We’re told to bring our whole selves to work, but is that always a good thing? Some personalities are problematic – a tendency for violence, for example, wouldn’t be welcome in the workplace – and doubly so in leadership positions.
In a recent LinkedIn post, psychologist and consultant Fiona Beddoes-Jones asked whether ‘being yourself’ is really the only qualification for authentic leadership, with reference to a couple of well-known politicians who are regularly hailed as authentic:
"There's a difference between authentic leadership (little a, little l), and Authentic Leadership (capital A, capital L).
"Whilst it's true to say that both Donald Trump and Boris Johnson are authentic in that they are being true to themselves and their beliefs and values, so too were Adolph Hitler, Bin Laden and Pol Pot. History is littered with such men. All leaders, but not Authentic Leaders.
"My research (with real leaders, not students), identified that there are three key factors to Authentic Leadership. Authentic Leaders are self-aware, self-regulating and ethical."
Beddoes-Jones' point is clearly not that Trump or Johnson resemble the likes of Hitler, but rather that authenticity is best understood as a desirable leadership quality, which means that simply being true to what you believe doesn't cut it.
As she explains in a more detailed exposition elsewhere, authenticity connects your personality with your role as a leader. It means not restraining yourself at work for fear you won’t be accepted for who you are, rather than giving yourself carte blanche to do or say whatever you feel like, regardless of the consequences.

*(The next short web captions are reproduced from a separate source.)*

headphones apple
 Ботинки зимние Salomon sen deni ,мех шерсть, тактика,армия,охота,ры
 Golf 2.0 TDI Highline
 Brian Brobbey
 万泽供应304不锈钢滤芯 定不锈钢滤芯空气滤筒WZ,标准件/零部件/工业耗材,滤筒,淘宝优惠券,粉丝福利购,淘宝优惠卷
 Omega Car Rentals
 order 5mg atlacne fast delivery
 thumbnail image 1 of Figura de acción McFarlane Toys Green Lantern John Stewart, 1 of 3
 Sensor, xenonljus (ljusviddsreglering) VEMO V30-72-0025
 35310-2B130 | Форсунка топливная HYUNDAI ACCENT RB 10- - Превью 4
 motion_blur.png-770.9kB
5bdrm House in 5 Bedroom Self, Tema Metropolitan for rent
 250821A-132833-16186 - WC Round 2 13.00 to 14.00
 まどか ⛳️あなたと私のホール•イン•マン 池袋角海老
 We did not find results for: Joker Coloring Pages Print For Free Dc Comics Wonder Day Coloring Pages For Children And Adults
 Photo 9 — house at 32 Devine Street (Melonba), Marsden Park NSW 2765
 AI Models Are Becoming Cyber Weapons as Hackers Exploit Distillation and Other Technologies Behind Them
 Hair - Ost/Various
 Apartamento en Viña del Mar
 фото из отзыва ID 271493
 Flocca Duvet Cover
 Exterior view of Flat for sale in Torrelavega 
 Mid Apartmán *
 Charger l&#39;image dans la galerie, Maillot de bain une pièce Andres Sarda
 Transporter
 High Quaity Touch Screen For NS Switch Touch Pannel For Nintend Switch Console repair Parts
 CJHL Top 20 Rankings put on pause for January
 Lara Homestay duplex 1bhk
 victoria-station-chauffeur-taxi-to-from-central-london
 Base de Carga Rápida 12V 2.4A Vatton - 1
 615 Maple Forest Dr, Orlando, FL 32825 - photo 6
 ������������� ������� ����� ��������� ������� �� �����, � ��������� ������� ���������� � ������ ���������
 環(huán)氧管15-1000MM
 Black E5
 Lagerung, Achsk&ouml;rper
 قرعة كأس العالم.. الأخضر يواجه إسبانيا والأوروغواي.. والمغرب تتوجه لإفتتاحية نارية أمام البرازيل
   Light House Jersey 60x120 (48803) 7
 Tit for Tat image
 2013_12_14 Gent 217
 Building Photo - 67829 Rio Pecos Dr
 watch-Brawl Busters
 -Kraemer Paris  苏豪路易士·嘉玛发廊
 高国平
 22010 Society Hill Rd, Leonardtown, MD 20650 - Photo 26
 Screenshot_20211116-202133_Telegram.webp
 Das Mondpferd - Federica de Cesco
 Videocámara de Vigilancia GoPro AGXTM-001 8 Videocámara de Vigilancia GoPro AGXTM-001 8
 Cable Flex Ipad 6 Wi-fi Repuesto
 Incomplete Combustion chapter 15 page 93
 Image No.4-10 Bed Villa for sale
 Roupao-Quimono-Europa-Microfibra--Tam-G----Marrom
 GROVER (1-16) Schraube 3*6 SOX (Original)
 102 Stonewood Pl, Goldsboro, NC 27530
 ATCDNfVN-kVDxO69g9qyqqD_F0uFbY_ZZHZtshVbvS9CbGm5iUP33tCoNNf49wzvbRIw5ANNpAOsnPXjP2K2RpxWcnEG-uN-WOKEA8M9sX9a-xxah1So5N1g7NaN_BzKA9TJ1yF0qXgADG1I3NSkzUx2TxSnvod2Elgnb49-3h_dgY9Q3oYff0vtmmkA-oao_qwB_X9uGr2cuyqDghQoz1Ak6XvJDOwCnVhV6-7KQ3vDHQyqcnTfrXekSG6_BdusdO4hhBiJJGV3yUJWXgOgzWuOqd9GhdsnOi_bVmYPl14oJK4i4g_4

Authenticity is therefore perceived as well as expressed, which is where the idea of role modelling serves as a valuable acid test. You don't have to be liked, but if no one who knows you considers you a role model, can you really think you’re an authentic leader?
Sadly, those who lack the quality of authenticity will also lack the self-awareness to ask themselves this question. For everyone else though, it might help find the balance between bringing your whole self to work and bringing out the best of yourself and other people, wherever you go.